Over the last several years, the current governor and other state officials blamed many of the state’s problems on “globalization,” distress in the auto industry and other vaguely defined trends that were implicitly beyond their ability to control. Michigan, lawmakers told us, was a victim of circumstances. The justification for many bad policies — from tax increases to expanding failed economic development programs — was rooted in this mindset.
But there was a gaping hole in the victimization argument. Oakland County, a locale that experienced all the same externalities as the rest of the state, had a balanced budget, earned a triple-A bond rating and attracted new enterprise. If Oakland County could be well-managed during these trying economic times, why couldn’t the state?
The Mackinac Center invited Oakland County Executive L. Brooks Patterson to answer this and other questions at a public event at the Townsend Hotel in Birmingham on Oct. 14. What policies had the county pursued that might be applicable at the state level? What advice would Patterson offer to the incoming governor for leading Michigan out of its economic malaise?
More than 300 people — both longtime Center supporters and new friends — turned out to hear Patterson’s insights. During the reception, guests enjoyed hors d’oeuvres and rubbed shoulders with the likes of former U.S. Attorney General Ed Meese.
The event, which was simulcast live on the home pages of the Mackinac Center and The Oakland Press, was kicked off by Center President Joseph G. Lehman. Lehman reminded the audience that when Republicans took over Congress in 1994 and gained the White House in 2000, “the policy accomplishments didn’t quite match the campaign promises. Government did not shrink. We did not become more free overall. … By the time Republicans were growing government as fast as the Democrats that they’d campaigned against, the voters put them out on their ears.”

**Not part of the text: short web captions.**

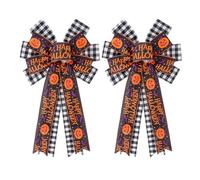 Arcs d'automne pour guirlandes, Flocons d'Halloween pour guirlandes - 2x grands arcs câblés pour guirlandes | Fournitures de fête d'Halloween fantôme d'araignée de , porte de maison rustique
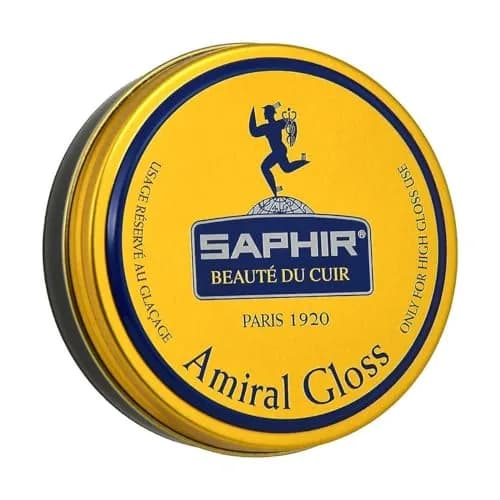 Saphir Amiral Gloss Leather Shoe Care Polish Wax 50 ml (1.7 fl oz) | Creates High Gloss Mirror Shine thumbnail 1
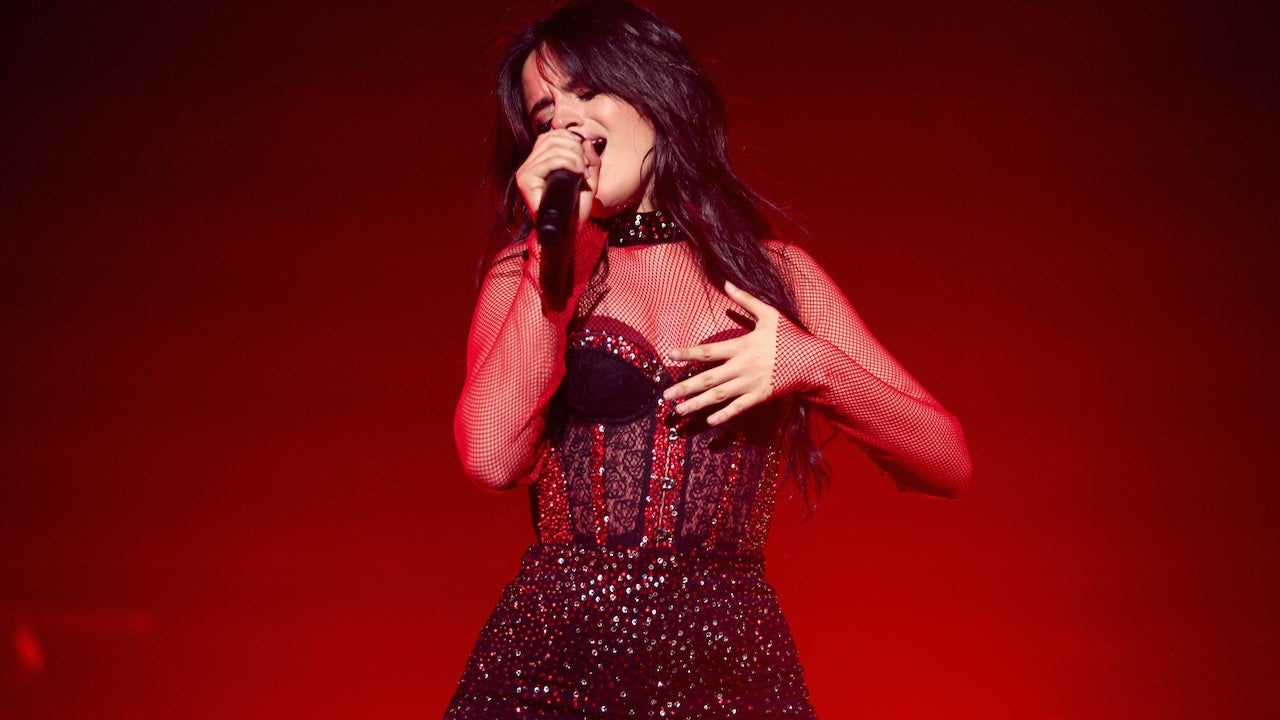 Camila Cabello performing at Orpheum Theatre in LA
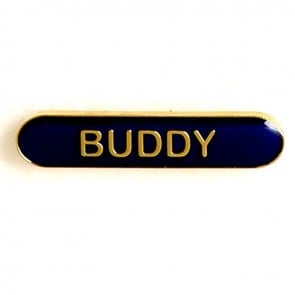  Blue Buddy Lapel Badge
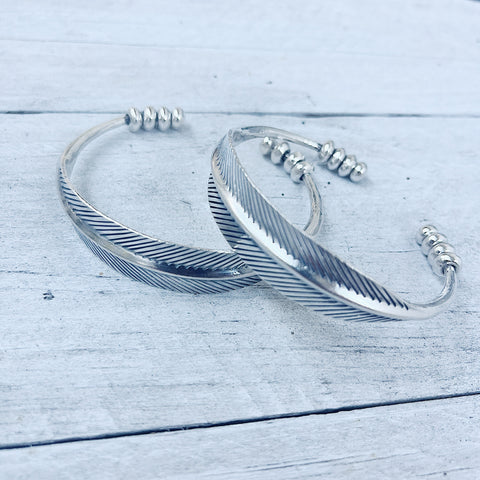FEATHER CUFF BANGLE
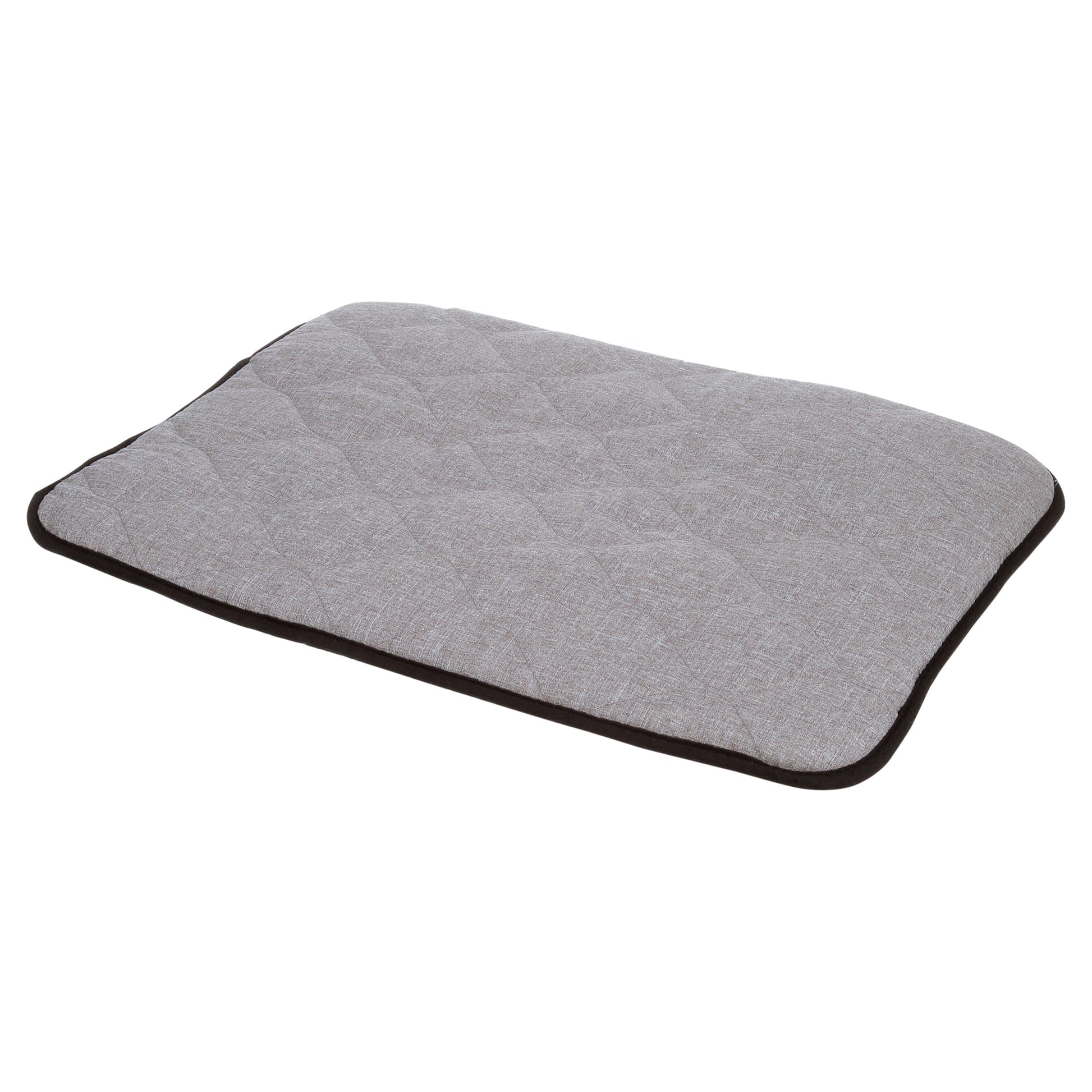 QIAOQI Dog Bed Crate Mat Grey Kennel Pad | Washable Orthopedic Pillow Pet Beds Cushion Padding Bolster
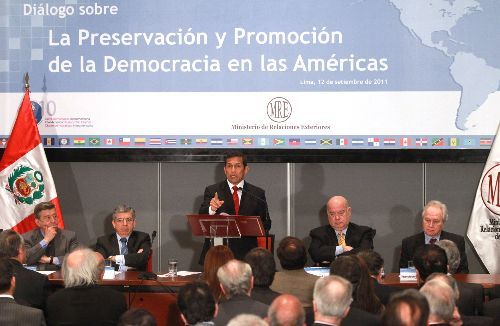 El Presidente de la República Ollanta Humala en una de sus jornadas
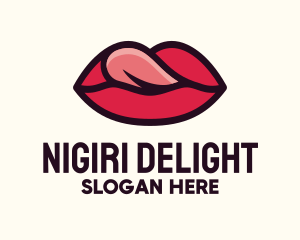 Tongue Lick Lip Cosmetics logo design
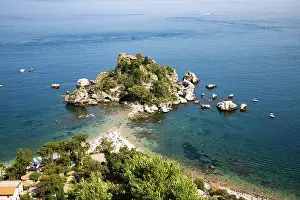 Taormina Prints: Enjoying the beach at Isola Bella near Taormina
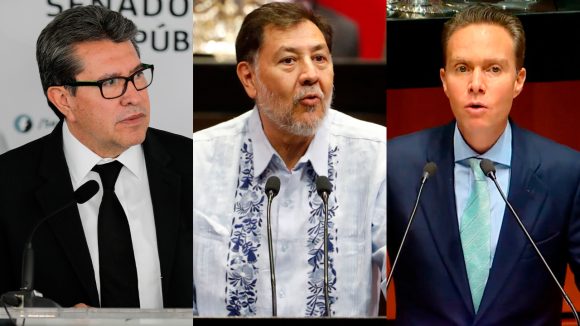 Monreal, Velasco y Noroña dejan el Congreso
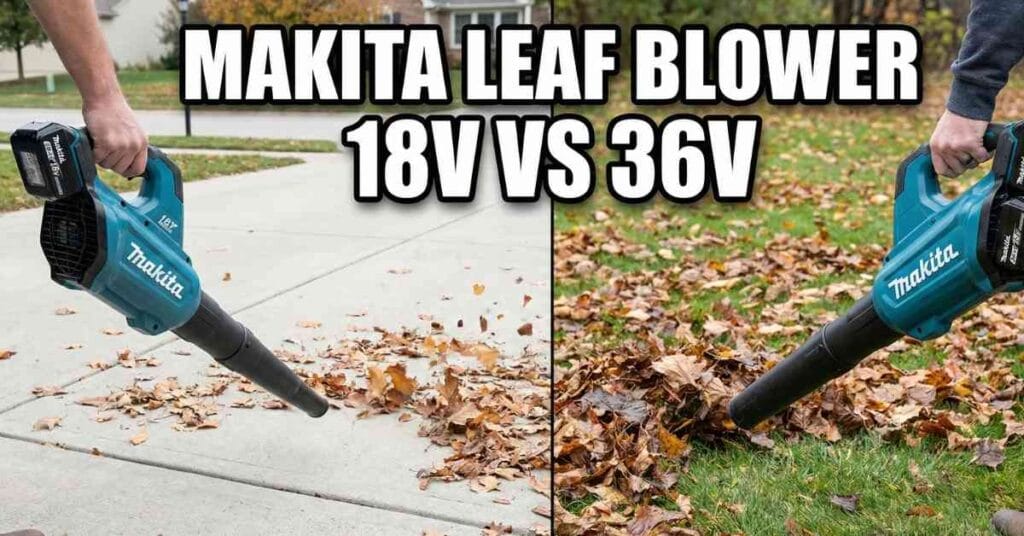 Makita leaf blower 18v vs 36v
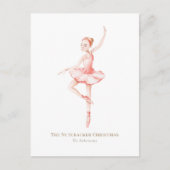 The Nutcracker Ballerina Christmas Postcard ポストカード (正面)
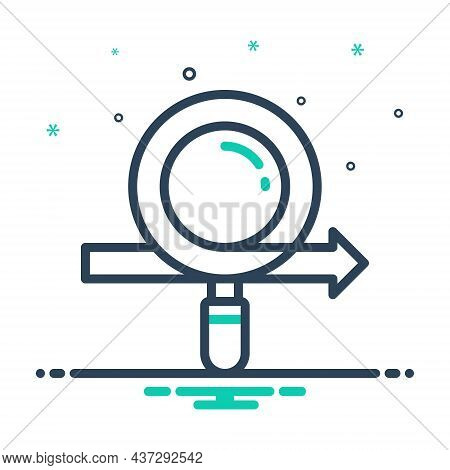 Mix Icon For Disclose Divulge Publish Reveal Betray Magnifier Investigate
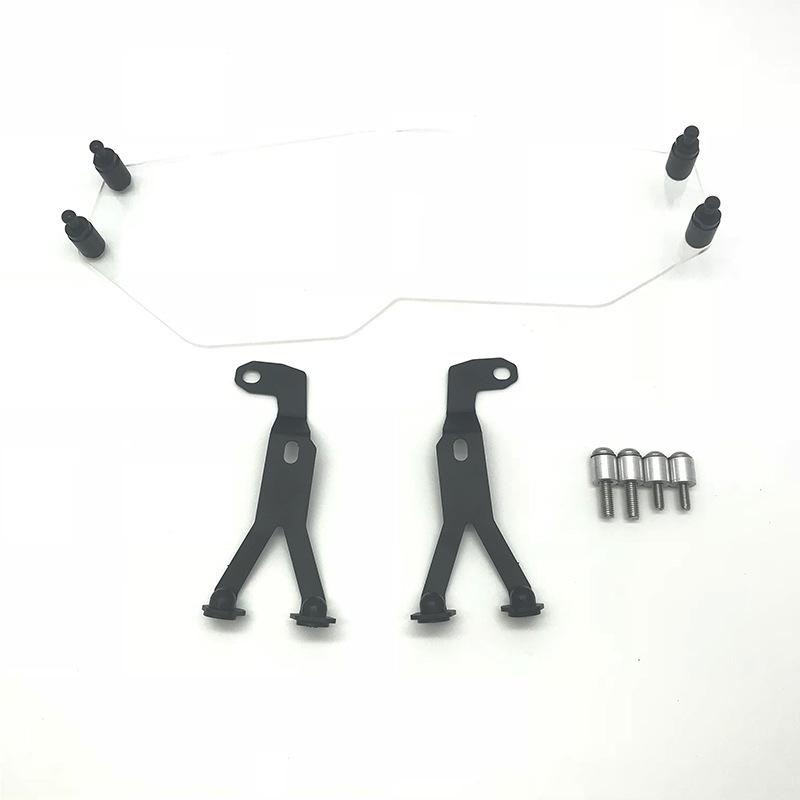 BMW F750GS LED Headlight Protection Cover - High Definition Transparent Cover with Protective Net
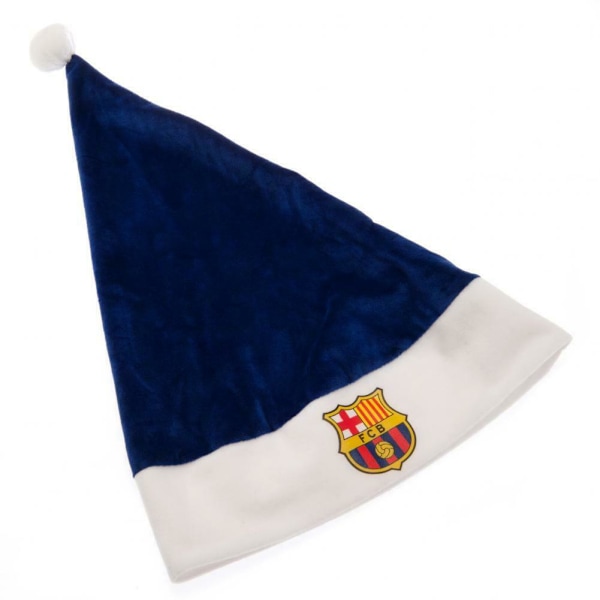 FC Barcelona Santa Claus Mössa One Size Blå/Vit Blue/White One Size
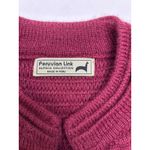 Peruvian Link 100% Alpaca three button long cardigan in Merlot. One Size Red Size M/L Photo 2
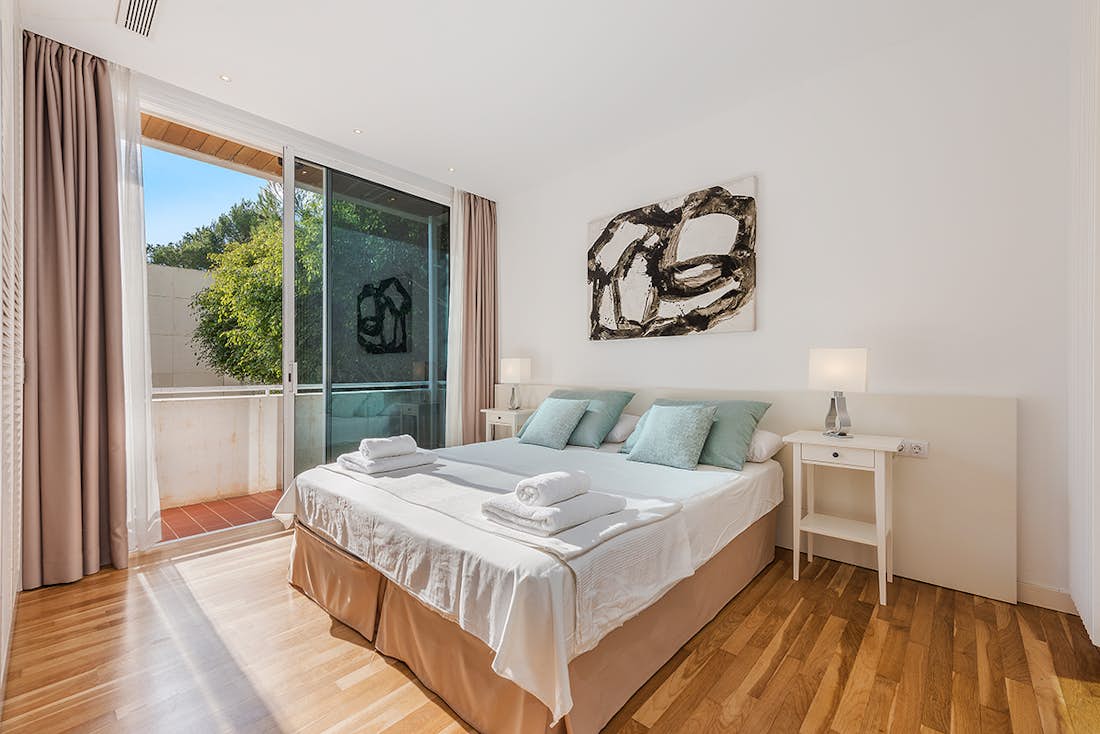 Mallorca accommodation - Villa Mediterrania I  - Cosy double bedroom at Private pool villa Mediterrania in Mallorca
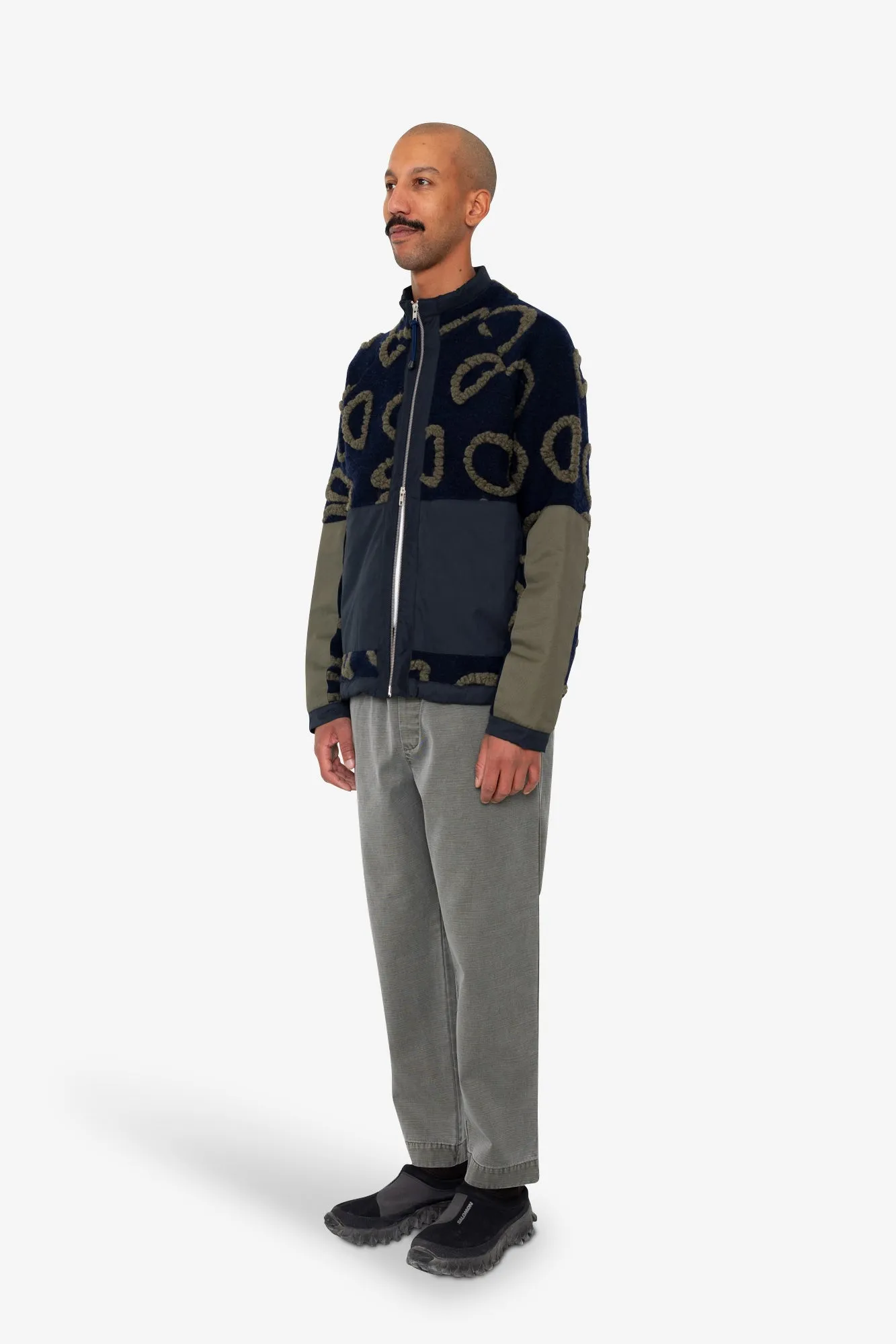 Signal Fleece - Navy Circle Jacquard sold by Folk product image thumbnail 3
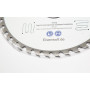 Lame de scie circulaire de qualité supérieure - 160 x 16 mm - Pour bois - Avec 40 dents TCT inclinées et découpes laser pour réd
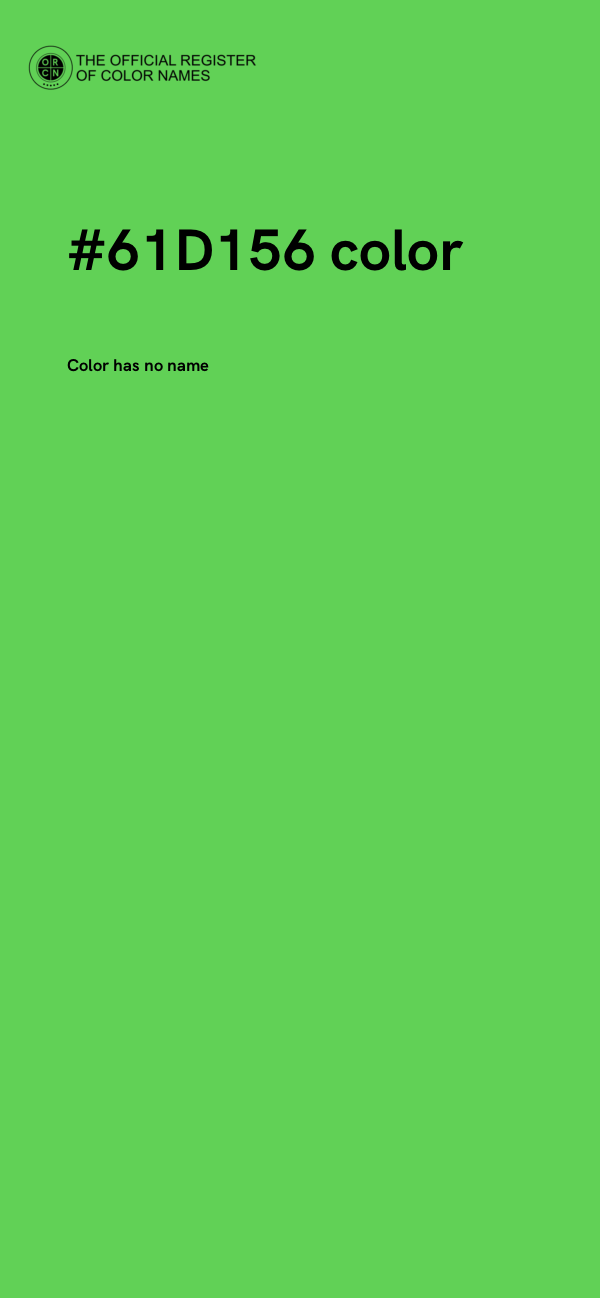 #61D156 color image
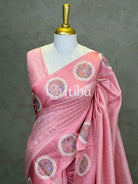 SEMI TUSSAR EMBROIDERY SAREE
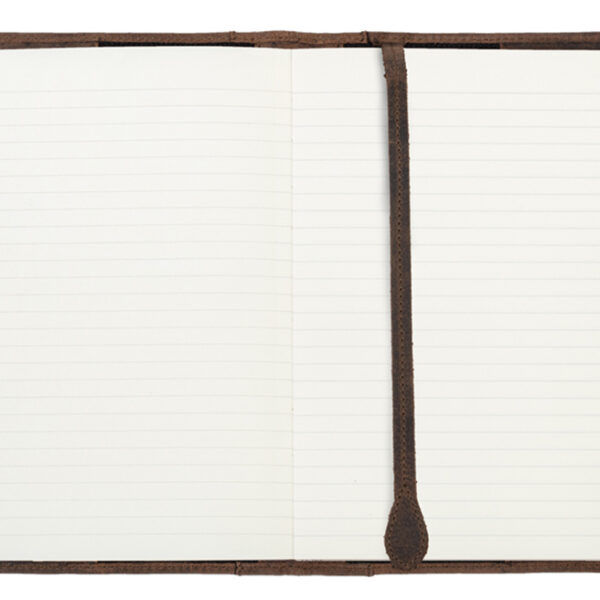 PRIDE&SOUL leren schrijfmap PERKINS, A5, van leer, bruin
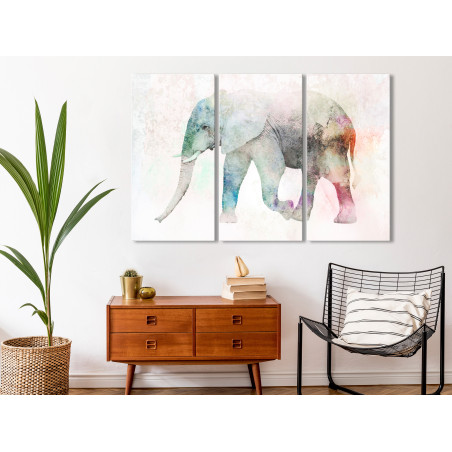 Tablou Painted Elephant (3 Parts)-01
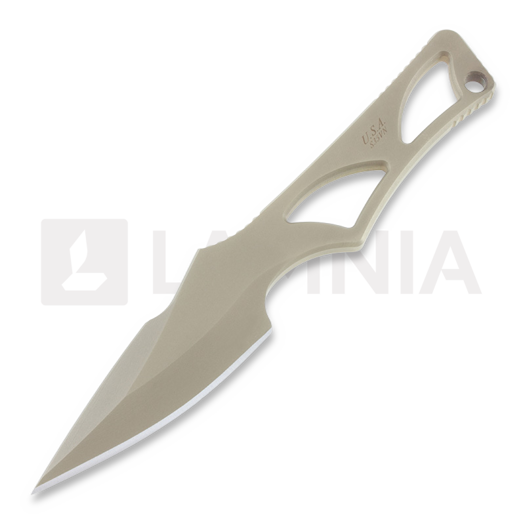 Spartan Blades Enyo S45VN 넥 나이프, desert earth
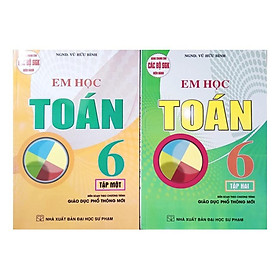 Sách - Combo Em Học Toán Lớp 6 (Tập 1+ Tập 2)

Lehman explained how the Mackinac Center was employing new tools to increase transparency and hold politicians accountable. MichiganVotes.org, Michigan Capitol Confidential and investigative videos can equip the “people who are the most civically engaged” because they “have disproportionate influence over policy.
Lehman also introduced a video of Bill Ballenger, editor of the political newsletter “Inside Michigan Politics.” Ballenger delivered an exclusive, detailed preview of the election, full of history, trivia and insider perspective.
Patterson was introduced by Mackinac Center Senior Economist David Littmann. “Our next governor and indeed all of Michigan government could learn a lot from reviewing the budgeting process and the market-oriented policies of L. Brooks Patterson and Oakland County over the last 18 years,” Littmann told the audience.
Patterson’s remarks were laced with self-effacing humor, praise for his leadership team and personal anecdotes, as well as recommendations for Michigan’s next governor. One part of Oakland County’s success, he said, is the practice of looking forward. Most governments, he noted, look at revenues and expenditures only one year at a time.
“Oakland County is the only county in America that has a three-year rolling budget,” Patterson said.
Looking forward allows the county to foresee and prepare for problems. For instance, the county expects a significant shortfall in revenues in 2014. “We’re already working on 2014 so when that year rolls up to us, what was a cliff … is going to be a molehill.”
In 1987, the county began addressing the liabilities associated with retirees’ health care. Now Oakland County is the only county in America to have completely paid off its health care debt, according to Patterson. “We’re out of the business. We don’t have a debt. When people come to work for Oakland County, they don’t get a promise of health care in retirement, they get a health savings account. … We don’t have those multibillion dollar legacy costs looming, because we started back in ’87.”
Other changes to employee benefits saved the county additional tens of millions of dollars over the years, Patterson added, and elected officials in the county more than once voluntarily rolled back their own pay. He also challenged department heads from both parties to cut their budgets. And they did.
Oakland County’s success in the face of a shrinking auto industry, a decade-long statewide recession, decreasing population and lost revenues provide a clear example to the next governor — and other elected officials — of how Michigan can succeed. They must be willing to look beyond the immediate, find savings within government and establish a friendly environment for job creation. To do otherwise — to claim that circumstances are beyond our control — is to guarantee that things will only get worse.